▶ [Working data]:
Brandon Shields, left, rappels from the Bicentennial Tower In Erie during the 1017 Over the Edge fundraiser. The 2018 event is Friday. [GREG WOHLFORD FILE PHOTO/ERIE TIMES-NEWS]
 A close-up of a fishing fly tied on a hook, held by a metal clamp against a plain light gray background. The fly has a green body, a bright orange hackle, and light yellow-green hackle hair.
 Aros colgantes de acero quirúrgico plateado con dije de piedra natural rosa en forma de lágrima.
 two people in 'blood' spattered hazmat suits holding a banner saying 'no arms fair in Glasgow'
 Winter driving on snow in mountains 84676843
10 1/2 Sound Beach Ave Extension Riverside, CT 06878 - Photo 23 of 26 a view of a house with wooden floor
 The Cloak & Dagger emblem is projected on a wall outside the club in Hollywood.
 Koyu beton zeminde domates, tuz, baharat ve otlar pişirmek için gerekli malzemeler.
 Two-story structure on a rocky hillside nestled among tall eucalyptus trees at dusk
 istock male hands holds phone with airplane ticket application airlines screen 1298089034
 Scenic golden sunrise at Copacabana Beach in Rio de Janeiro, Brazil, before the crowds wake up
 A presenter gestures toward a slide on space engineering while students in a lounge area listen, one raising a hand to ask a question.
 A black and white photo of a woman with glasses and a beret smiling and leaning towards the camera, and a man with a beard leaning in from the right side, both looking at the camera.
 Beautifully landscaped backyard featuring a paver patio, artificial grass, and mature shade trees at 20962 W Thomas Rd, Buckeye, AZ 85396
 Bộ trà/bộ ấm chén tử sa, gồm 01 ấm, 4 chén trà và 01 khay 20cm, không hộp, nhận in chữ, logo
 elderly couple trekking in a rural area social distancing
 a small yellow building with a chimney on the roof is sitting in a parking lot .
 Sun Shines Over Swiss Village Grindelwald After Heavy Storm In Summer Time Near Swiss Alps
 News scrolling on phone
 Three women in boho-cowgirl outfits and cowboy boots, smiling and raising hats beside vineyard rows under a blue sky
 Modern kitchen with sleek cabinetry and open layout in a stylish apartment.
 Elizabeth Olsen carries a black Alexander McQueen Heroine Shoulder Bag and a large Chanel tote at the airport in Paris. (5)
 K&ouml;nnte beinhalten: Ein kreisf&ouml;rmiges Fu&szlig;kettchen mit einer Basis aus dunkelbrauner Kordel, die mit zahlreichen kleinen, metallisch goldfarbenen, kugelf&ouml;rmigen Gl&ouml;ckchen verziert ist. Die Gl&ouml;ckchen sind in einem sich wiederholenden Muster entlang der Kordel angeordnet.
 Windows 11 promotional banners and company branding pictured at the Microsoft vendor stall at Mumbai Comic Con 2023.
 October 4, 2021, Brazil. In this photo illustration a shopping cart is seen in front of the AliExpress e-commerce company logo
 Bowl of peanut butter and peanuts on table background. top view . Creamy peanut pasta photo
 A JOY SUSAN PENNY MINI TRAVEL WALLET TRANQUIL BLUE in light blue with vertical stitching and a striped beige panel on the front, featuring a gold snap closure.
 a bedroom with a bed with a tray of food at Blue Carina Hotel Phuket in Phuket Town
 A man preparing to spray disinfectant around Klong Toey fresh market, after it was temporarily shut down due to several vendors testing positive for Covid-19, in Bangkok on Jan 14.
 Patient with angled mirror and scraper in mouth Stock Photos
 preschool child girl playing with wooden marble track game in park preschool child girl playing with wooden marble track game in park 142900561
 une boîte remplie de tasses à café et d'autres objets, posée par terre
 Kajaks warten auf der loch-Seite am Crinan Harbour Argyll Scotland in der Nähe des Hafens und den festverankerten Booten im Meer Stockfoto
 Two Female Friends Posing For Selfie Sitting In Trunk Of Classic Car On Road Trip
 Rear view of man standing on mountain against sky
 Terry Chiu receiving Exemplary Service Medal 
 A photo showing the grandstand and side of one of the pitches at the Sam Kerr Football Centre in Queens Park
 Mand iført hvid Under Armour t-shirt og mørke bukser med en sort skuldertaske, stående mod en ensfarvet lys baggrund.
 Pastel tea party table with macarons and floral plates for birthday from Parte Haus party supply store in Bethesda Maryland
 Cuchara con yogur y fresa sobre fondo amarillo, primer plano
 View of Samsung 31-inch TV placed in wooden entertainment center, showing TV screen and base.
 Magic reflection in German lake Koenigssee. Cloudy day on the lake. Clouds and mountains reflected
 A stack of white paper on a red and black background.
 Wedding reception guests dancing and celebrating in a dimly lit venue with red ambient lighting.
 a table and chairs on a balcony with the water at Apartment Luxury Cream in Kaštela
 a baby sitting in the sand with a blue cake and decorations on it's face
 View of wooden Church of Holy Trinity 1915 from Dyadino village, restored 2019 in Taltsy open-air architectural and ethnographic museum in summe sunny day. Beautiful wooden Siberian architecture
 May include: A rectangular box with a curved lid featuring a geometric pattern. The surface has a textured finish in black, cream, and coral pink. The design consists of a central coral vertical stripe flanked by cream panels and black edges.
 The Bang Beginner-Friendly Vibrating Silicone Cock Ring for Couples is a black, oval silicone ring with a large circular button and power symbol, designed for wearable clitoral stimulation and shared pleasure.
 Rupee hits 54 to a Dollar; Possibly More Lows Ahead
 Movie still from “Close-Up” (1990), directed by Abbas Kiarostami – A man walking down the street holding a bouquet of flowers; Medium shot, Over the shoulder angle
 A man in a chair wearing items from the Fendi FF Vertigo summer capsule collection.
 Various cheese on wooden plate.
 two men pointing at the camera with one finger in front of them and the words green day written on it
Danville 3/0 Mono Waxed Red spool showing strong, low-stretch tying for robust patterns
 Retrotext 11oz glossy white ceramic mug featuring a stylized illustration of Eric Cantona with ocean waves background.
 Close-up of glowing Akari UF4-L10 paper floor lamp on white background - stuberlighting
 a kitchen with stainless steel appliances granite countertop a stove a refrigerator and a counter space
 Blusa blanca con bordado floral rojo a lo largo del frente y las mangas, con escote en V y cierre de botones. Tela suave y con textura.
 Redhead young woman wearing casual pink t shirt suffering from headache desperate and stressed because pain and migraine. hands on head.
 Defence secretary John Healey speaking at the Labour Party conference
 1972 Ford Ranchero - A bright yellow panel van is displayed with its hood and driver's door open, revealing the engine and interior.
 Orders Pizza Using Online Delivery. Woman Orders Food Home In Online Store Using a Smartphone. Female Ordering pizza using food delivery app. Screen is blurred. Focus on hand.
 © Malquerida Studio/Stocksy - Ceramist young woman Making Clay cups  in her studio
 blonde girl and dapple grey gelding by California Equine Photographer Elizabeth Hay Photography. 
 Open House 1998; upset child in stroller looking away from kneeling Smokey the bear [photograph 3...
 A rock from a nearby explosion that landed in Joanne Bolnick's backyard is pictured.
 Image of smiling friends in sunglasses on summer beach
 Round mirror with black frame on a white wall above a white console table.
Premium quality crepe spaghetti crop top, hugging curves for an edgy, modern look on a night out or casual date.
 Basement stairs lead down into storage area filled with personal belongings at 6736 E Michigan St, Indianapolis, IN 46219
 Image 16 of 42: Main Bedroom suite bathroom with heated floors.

▶ [What you are asked to do]:
Filter the records for lines holding the string "illustration". Copy each one.

▶ [Result]:
 October 4, 2021, Brazil. In this photo illustration a shopping cart is seen in front of the AliExpress e-commerce company logo
 Retrotext 11oz glossy white ceramic mug featuring a stylized illustration of Eric Cantona with ocean waves background.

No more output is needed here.